For those of you following our blog, by now, you should have an idea of what kinds of questions can be answered through data analytics. In last month’s blog post, we outlined some of the basic forms of analysis that we perform after we’ve Featurized a Cleaned and Linked dataset into a set of indicators. This month, we’ll be taking a deeper look at the concept of Predictive Modeling.
Predictive Modeling in General
Predictive modeling is the process of developing a function that can accurately generate an outcome probability estimate, based on some input data. When we’re working with large quantities of data, commonly known as “Big Data,” this is very difficult for a human to do. Instead, we use advanced techniques developed by statisticians, mathematicians, and Artificial Intelligence (AI) specialists to create computer models that search for patterns in large batches of information. These methods are called Machine Learning algorithms. Tom Mitchell, one of the Titans of this field, eloquently sums up Machine Learning as “[The process by which] A computer program is said to learn from experience E with respect to some class of tasks T and performance measure P, if its performance at tasks in T, as measured by P, improves with experience E.” . In essence, we write programs to improve a computer’s decision-making as it sees more data.

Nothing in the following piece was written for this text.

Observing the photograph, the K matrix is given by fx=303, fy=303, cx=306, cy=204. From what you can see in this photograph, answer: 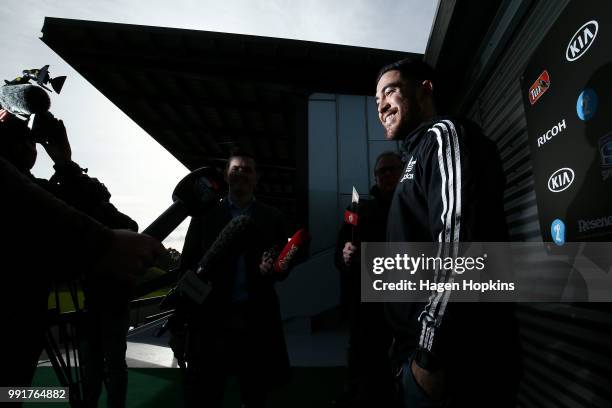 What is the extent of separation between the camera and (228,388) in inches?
150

Machine Learning specialists have spent decades working on this and many other problems. Machine Learning is broadly separated into two classes of problems – supervised and unsupervised. In supervised learning, we train machines to predict a specific indicator (i.e. ‘will I play tennis today?’), whereas unsupervised learning focuses on identifying previously unknown groupings within data. Within this post, we’ll focus on supervised learning, which is, in turn, broken into two large categories – classification and regression.
Supervised Machine Learning & Playing Tennis
The goal of both classification and regression is to take an indicator vector X and use that data to predict a target indicator Y. Mathematically stated, we’d like to find a function f such that f(X)->Y optimizes some performance metric. It may help to consider some example data. Take the canonical PlayTennis dataset:
As you can see, PlayTennis is a categorical indicator – all values are ‘yes’ or ‘no’. The nature of the target indicator determines whether we use Classification or Regression. Were the target continuous, perhaps on the range from 0 to 100, we would instead turn to Regression to build our model. Within the context of Classification, we’d like to use our measurements for Outlook, Temperature, Humidity, and Wind to predict the indicator PlayTennis. A popular method to achieve this is to use a Decision Tree. This algorithm divides and conquers within the available data to produce an intuitive model. If we were to plug the above data into a Decision Tree learning algorithm, we would get an output that looks something like this:
Predicting & Playing Tennis
Based on our observations, we can render a prediction that I am unlikely to play tennis every time it is Sunny with High humidity. Likewise, if the day is Overcast, I will likely play a match. You may notice that temperature, which was listed in the dataset, is not included in this Decision Tree model. This illustrates the idea that sometimes not every piece of data is necessary to make an accurate prediction. In this case, the indicator, temperature, is not statistically significant.
While this is a very simplistic example, it gives a basic overview of how a predictive model works. With larger datasets and more complex problems, there are many challenges with a myriad of possible solutions. However, this example illustrates the power of Machine Learning to produce insightful predictive models.
 Mitchell, T. (1997). Machine Learning, McGraw Hill.